Trying to use it directly in C code is not going to be pretty, without
some extra support.

Especially when you also want to add your user-defined structs to the
list of variant types.

 

[jacob navia]

That big struct was designed to implement /another/ language, where
all the untidy implementations details are hidden away.
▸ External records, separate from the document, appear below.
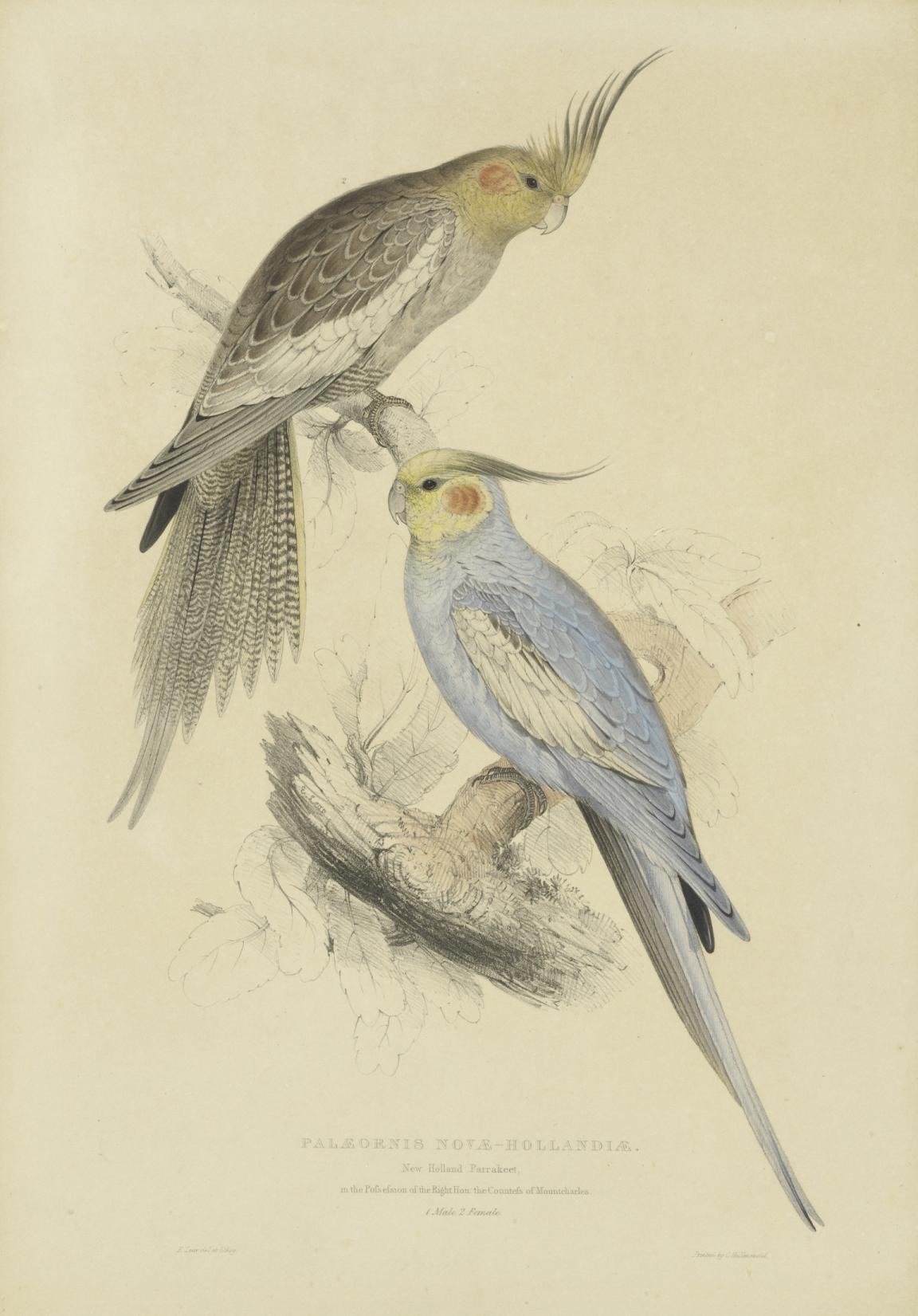 Lithograph print of two parakeets, on being mostly grey and white the other mostly blue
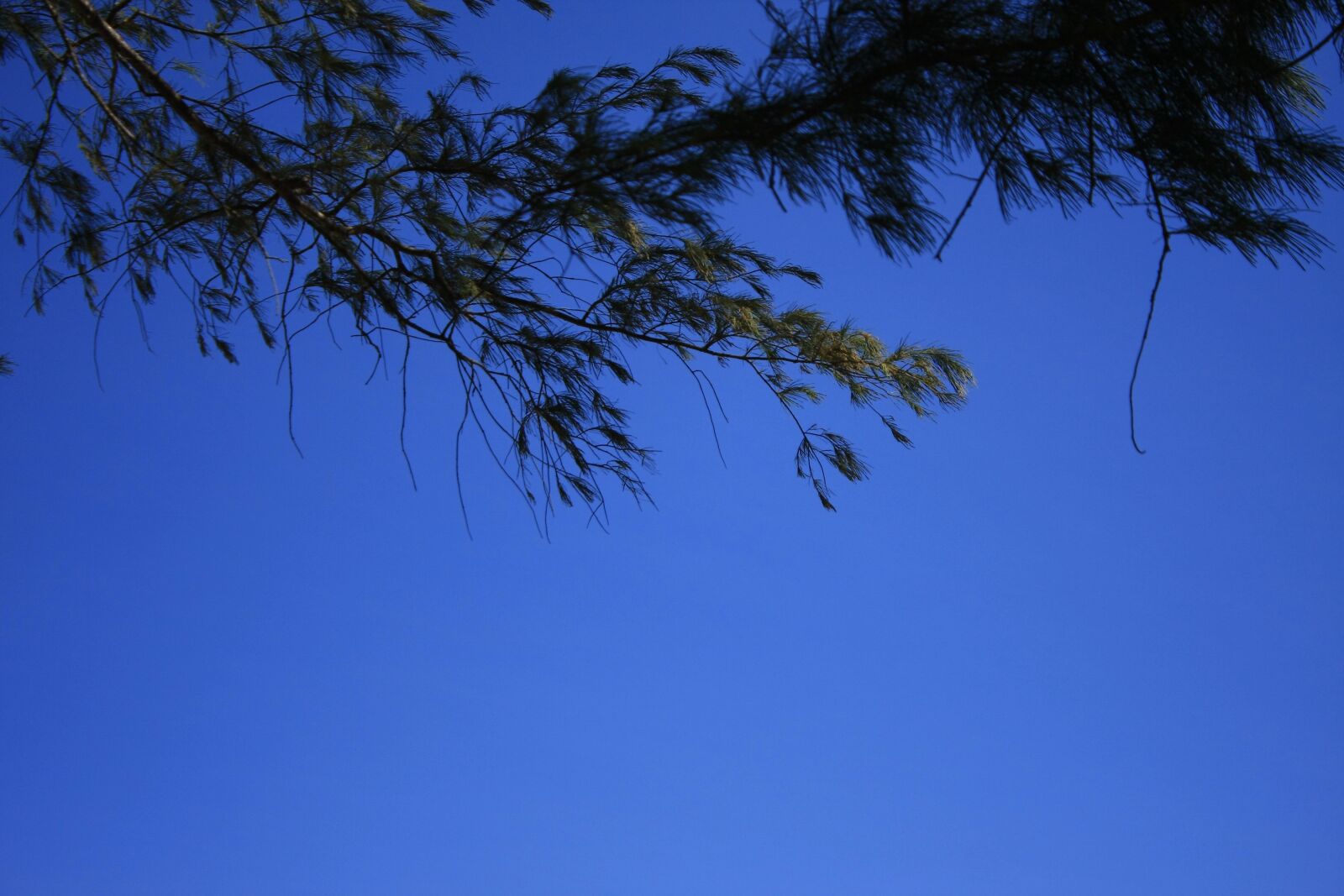 Canon EOS 40D sample photo. Sky, blue, dark photography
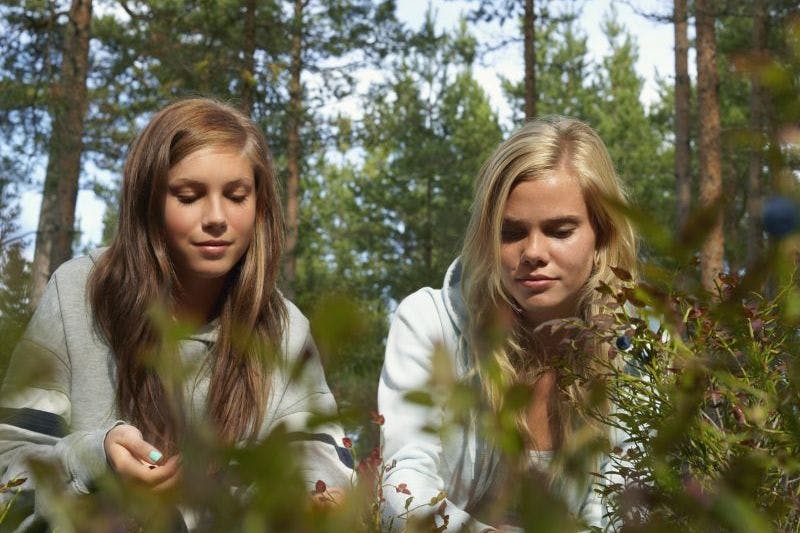 To søstre i skogen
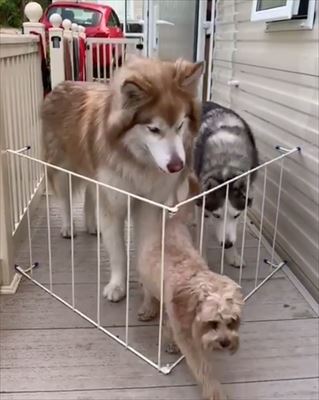 自分の大きさわかってない 小型犬の真似をして柵の隙間を抜けようとしたマラミュートがかわいい ねとらぼ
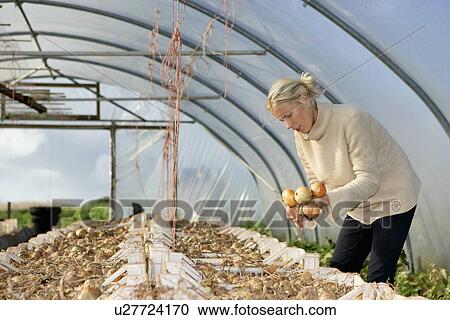 farm worker inspects onions View Large Photo Image Stock Image - farm worker inspects onions. Fotosearch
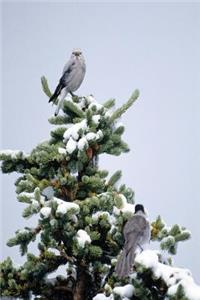 Journal Birds Snowy Tree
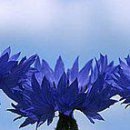 №31 Татьяна Лихачева : профиль, фото, статус - ВКонтакте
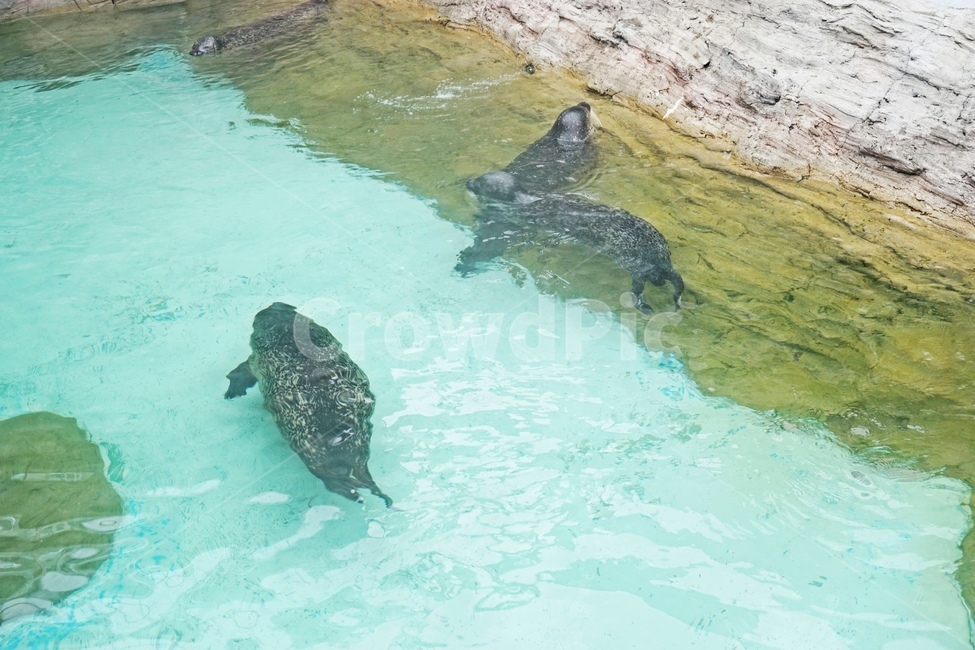 물,바다,물개,포유류,동물,animal,nature,동물보호,동물원,park,animalpark,동물,animal,포유류,mammal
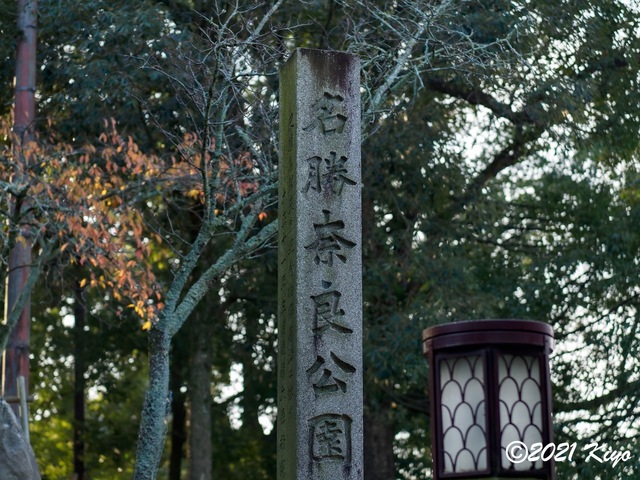 EB191878-ORF_DxO_DeepPRIME_CameraRAW_signed.jpg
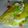 meleniejohnson2007's cooksnap of when they made Authentic Chicken Tacos (Dairy-Free, Gluten-Free).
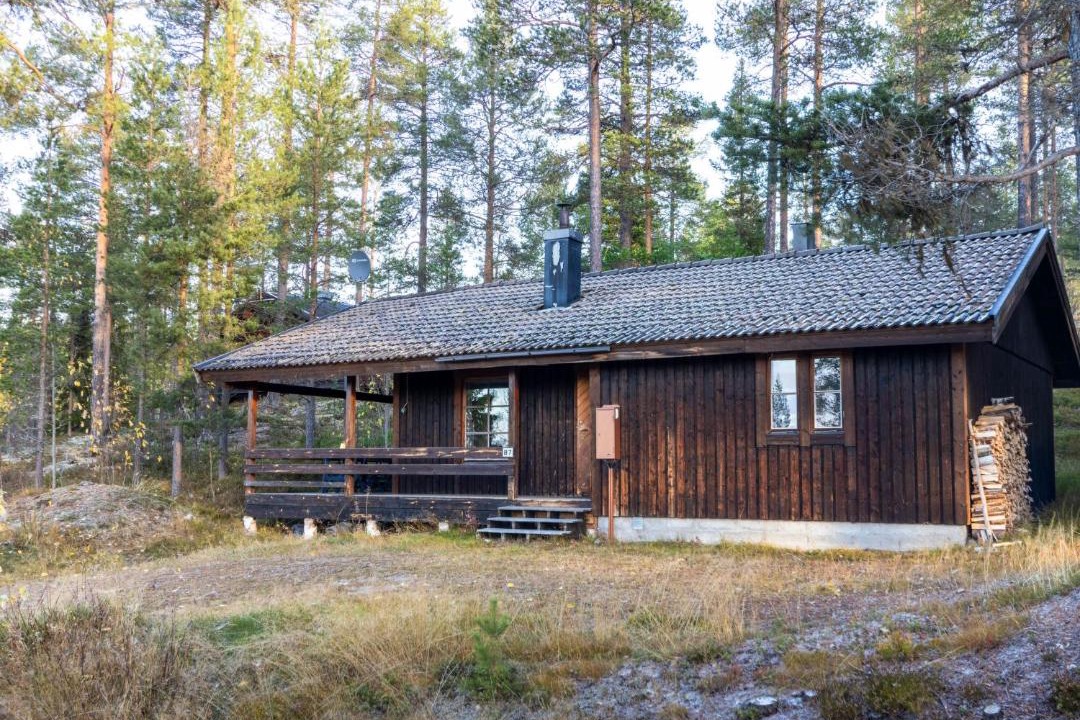 Photo of Others in Lofsdalen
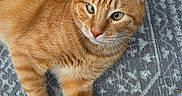 Garfield joined the competition — help win amazing prizes! cat, orange_tabby, pet, feline, animal, fur, whiskers, green_eyes, relaxed, indoor, rug, patterned_rug, texture, striped, close_up, laying_down, curious, domestic_cat, cute, soft_fur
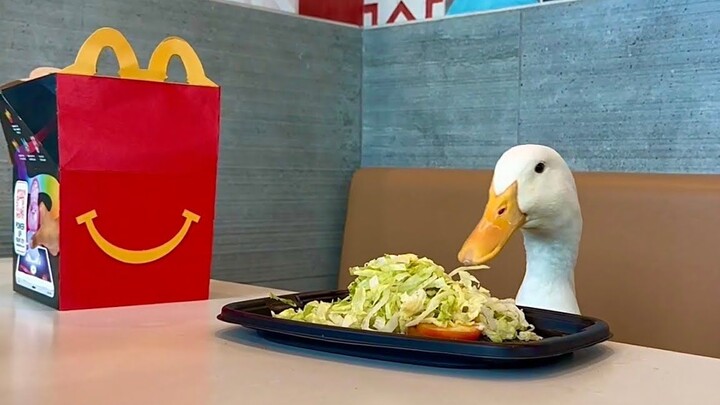 Bawa bebekku ke McDonald's terbesar di dunia 🦆🍟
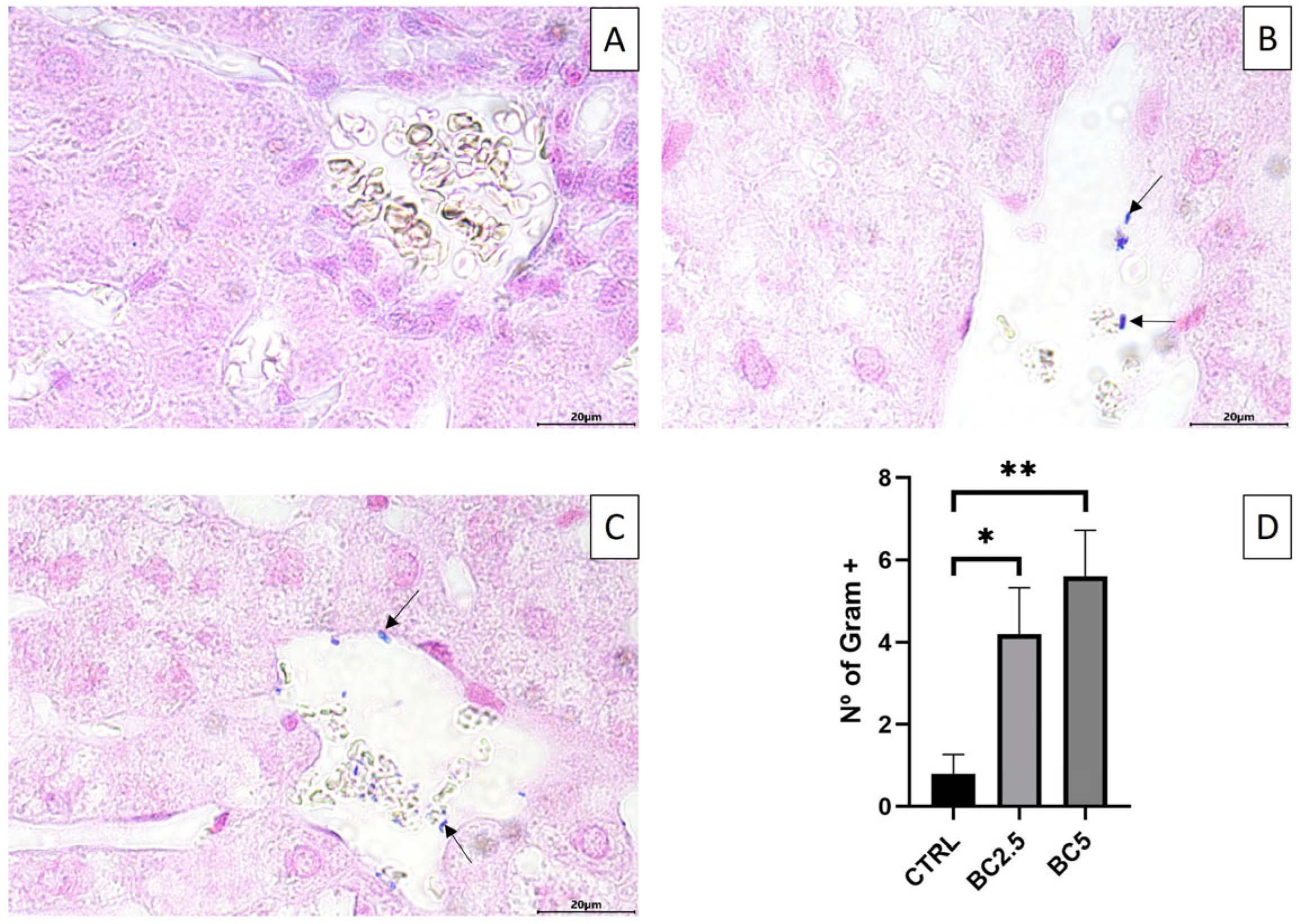 Animals 14 00800 g003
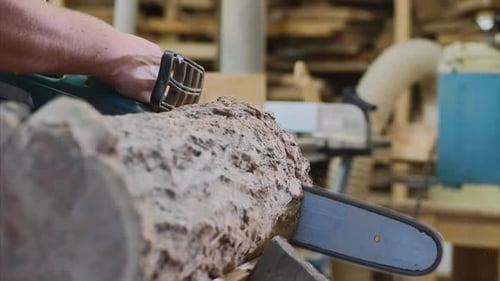Chainsaw Cuts Log in Woodshop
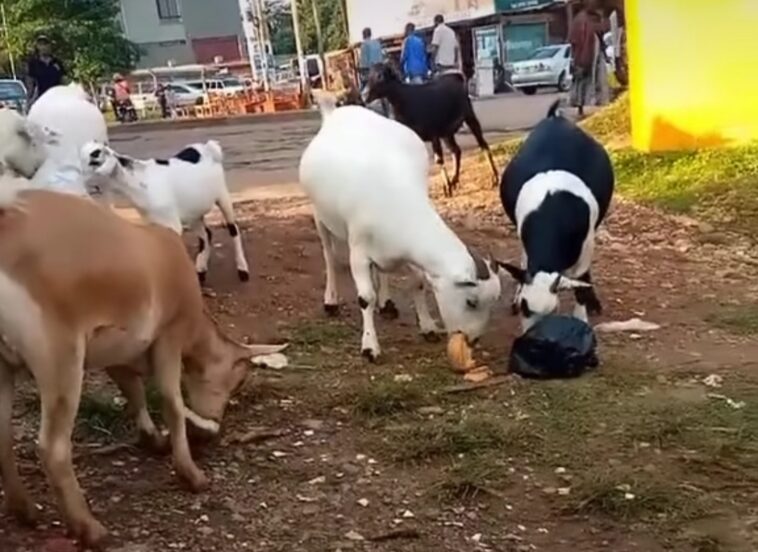 Video: Locals in Kampala left in disbelief as goats fight for bread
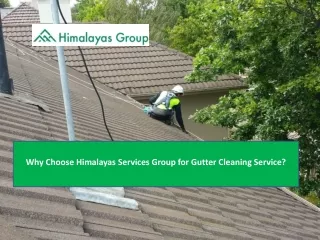 Why Choose Himalayas Services Group for Gutter Cleaning Service?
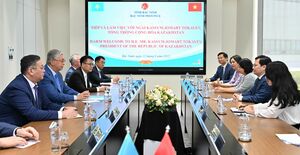 Токаев провел встречу с главой делегации депутатов Нацсобрания провинции Бакнинь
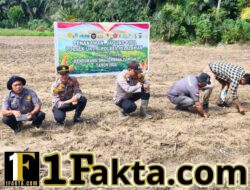 Bersama Kelompok Tani, Polisi Tanam Jagung Pipil di Bukit Gajah
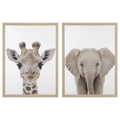 Set of 2 Animals Framed Canvases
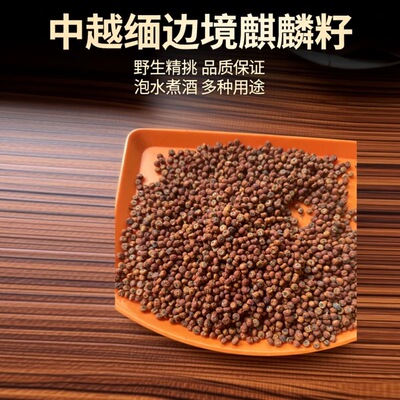 麒麟籽中越缅野生五籽精挑好货泡水 煮水泡酒阿松现收云南山货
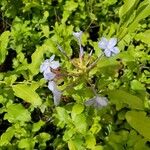 Plumbago europaeaFolha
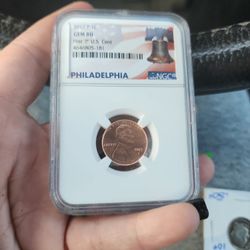 2017 Penny 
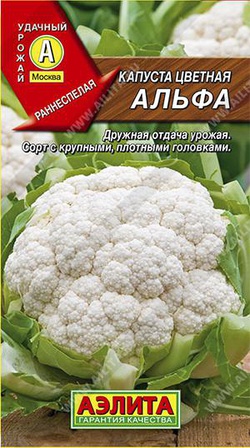 Капуста цветная альфа фото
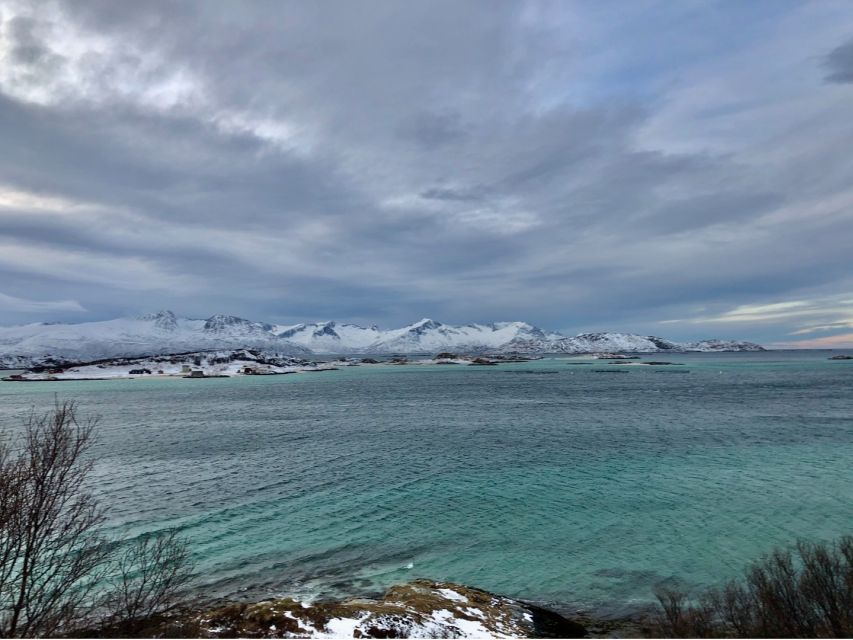 Tromsø: Fjords and Sommarøy Islands Tour with Salmon Picnic - A village stop with coffee and local flavor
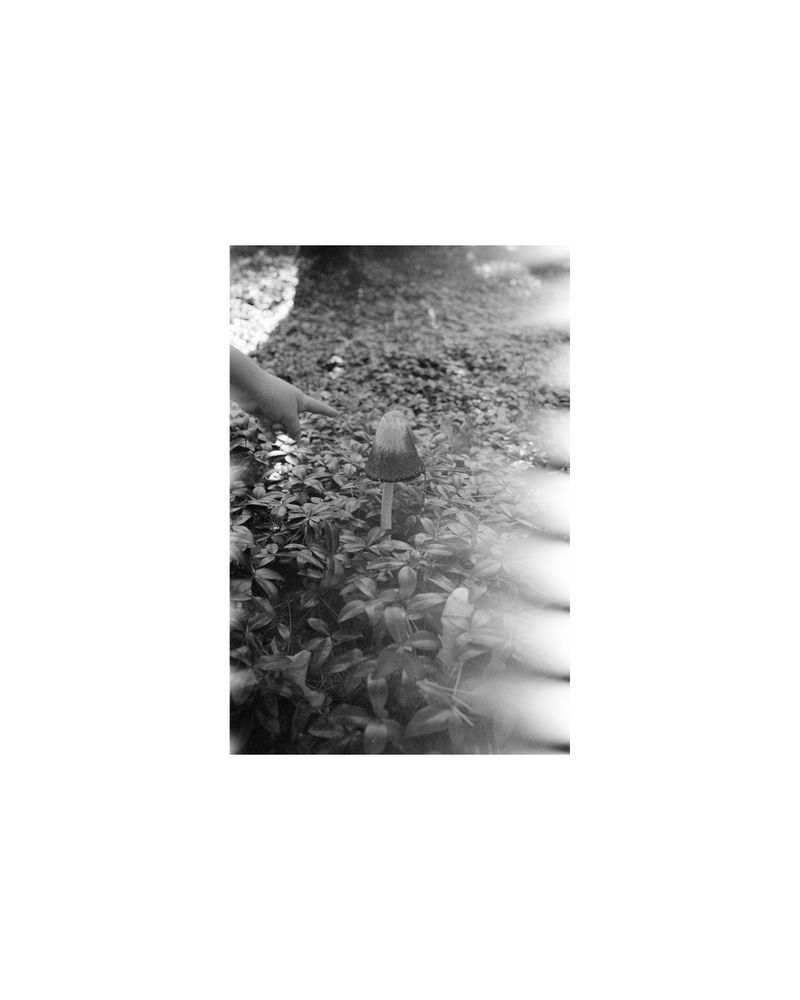 © Amber Mahoney - Image from the The life happening here photography project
Trying to use it directly in C code is not going to be pretty, without
some extra support.

Especially when you also want to add your user-defined structs to the
list of variant types.

Nonsense, specially when you use macros to access the member you want.
Basically, this structure lays out clearly what is all about, like
alwys in C the language is transparent.

 

[Bart]

Nonsense, specially when you use macros to access the member you want.
Basically, this structure lays out clearly what is all about, like
alwys in C the language is transparent.- Hide quoted text -

I meant, when trying to use variants as part of a C program, not
writing a C program to implement an interpreter for Basic:

Variant a,b,c; /* decls usually optional */
a=("One","Two","Three");
b="Four";
c=a+b;
printf("C = %V\n",c);
a=1; /* etc *

A lot of support is needed in standard C, to achieve the above rather
than a mess of function calls. Even just limiting variants to simple
types and forgetting those requiring heap management.

Some of this might be possible in your extended C, and probably most
of it in C++, but variants and their ilk belong elsewhere.